* **Problem details**
Only the number is wanted: count the lines in the data with "image" in them.
* * * * * * * * *
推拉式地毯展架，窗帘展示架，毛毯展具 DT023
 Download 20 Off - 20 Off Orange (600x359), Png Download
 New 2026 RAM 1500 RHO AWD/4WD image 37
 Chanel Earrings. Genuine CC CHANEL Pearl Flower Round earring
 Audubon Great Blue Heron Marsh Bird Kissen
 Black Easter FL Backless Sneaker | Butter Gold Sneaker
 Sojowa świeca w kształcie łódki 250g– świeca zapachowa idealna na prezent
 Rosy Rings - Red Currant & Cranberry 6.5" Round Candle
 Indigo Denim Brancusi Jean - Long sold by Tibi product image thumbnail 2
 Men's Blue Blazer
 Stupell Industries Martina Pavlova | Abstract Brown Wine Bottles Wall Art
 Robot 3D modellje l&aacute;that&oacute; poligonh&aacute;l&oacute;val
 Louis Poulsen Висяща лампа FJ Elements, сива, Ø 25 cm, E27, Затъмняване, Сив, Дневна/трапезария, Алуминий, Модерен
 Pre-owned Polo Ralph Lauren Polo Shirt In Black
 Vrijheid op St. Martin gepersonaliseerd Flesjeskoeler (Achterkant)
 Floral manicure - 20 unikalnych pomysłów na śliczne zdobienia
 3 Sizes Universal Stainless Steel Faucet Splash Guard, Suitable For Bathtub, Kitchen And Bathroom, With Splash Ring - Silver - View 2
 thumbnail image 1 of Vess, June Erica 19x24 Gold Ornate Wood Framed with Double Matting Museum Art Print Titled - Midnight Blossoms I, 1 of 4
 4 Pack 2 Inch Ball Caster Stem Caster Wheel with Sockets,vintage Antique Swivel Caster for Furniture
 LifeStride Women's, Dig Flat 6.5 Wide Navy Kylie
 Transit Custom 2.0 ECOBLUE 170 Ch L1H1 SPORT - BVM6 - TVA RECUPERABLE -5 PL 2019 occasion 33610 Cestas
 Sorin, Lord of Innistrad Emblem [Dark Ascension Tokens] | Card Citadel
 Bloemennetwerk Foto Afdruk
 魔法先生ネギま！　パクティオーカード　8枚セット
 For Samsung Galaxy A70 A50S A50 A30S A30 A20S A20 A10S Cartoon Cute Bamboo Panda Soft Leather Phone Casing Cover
* * * * * * * * *
* **Answer space**
3